IF I SHOOT IT I RELOAD FOR IT EXCEPT RIM FIRE.
32ACP, 380, 9MM, 38SPL, 40SW ,10MM ,41MAG, 44SPL, 44MAG, 50AE , 
7.62X39, 7.62X 54R, 8MM, 7.5X55, 270WIN, 243, 308, 45-70, 223, 
410, 20GA, 12GA.

started reloading 30+ years back do to a ka-boom from factory reloads, figured i could do that good if not better, so far NO KA-BOOMS

IT MIGHT NOT BE PRETTY BUT IT IS EFFICIENT, IT WAS MADE TO USE


----------



## shootnstarz (May 4, 2011)

I checked all my manuals and the longest OAL on any 45acp is 1.275". Sierra listed 1.212" for their 185JHP. I don't know where Dean gets his bullets but I'm sure they're not Sierra. Most 230FMJs are 1.26" OAL.

So when you seat to fit in your Para mag the bullet goes in past the cannelure or past the base into the tapered nose area? What is the OAL of the cartridges that will fit?

I'm not at all doubting your ability, I just like to know everything !!! And I'll ask Dean about it next time I see him. 

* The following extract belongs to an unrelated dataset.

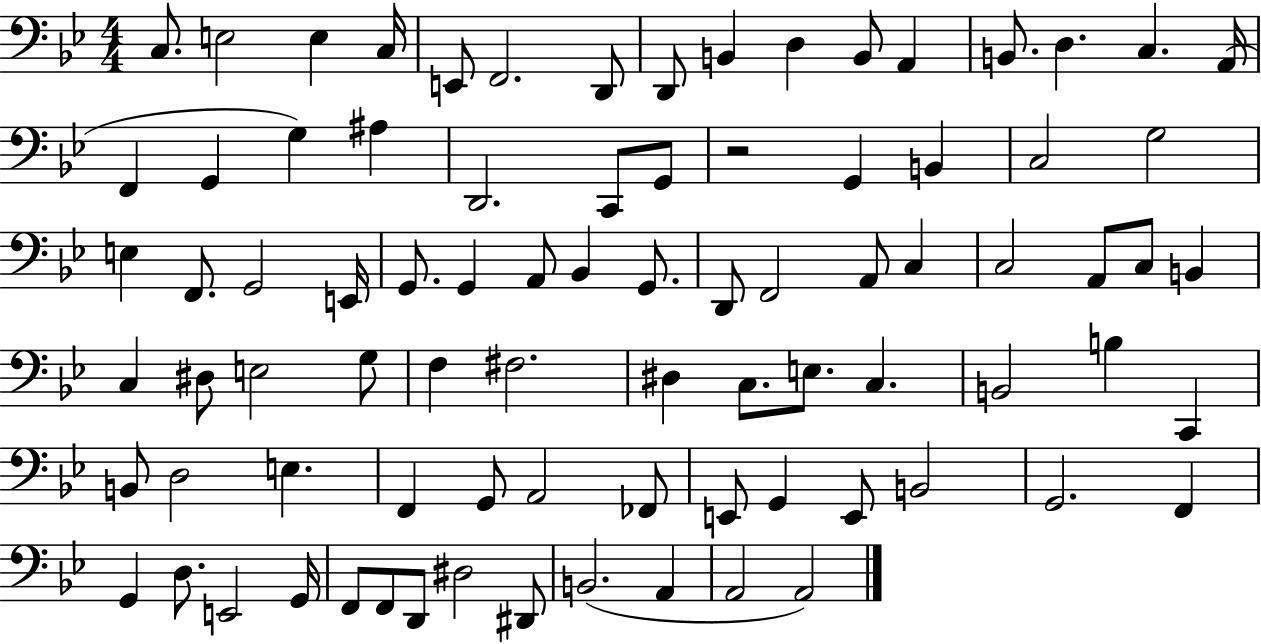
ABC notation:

Chevelle, you've been around a while. Winchester hasn't had powder in those cans in over 20 years. Also like your powder throw set up, good idea. I wonder if RCBS still makes that stand?


Rick


----------



## chevelle427 (Feb 6, 2011)

rick 

would you believe that 231 is still good im on the last of 3 cans all have done as expected.

i also just got rid (shot) some old PB powder again all went well, most was in shotgun

i see the rcbs stands every now and then on ebay and gun shows, if i find one cheep ill get it and let you know if not interested i can always bolt it somewhere


----------



## shootnstarz (May 4, 2011)

Yea, grab me one if you ever run across it.

If you've ever had powder go bad you will surely know it. When you open the jug a most bizzare yellow vapor comes wofting out, and the smell !!!!!!!!!

I tried to burn up some bad powder, pulled from WWII 30.06. It wouldn't even light.

Rick


----------



## chevelle427 (Feb 6, 2011)

have bought a lot of old powder and so far none had that smell to watch out for , makes me wonder just how critical it is to store powder properly, im sure over the years some of this stuff was not stored proper.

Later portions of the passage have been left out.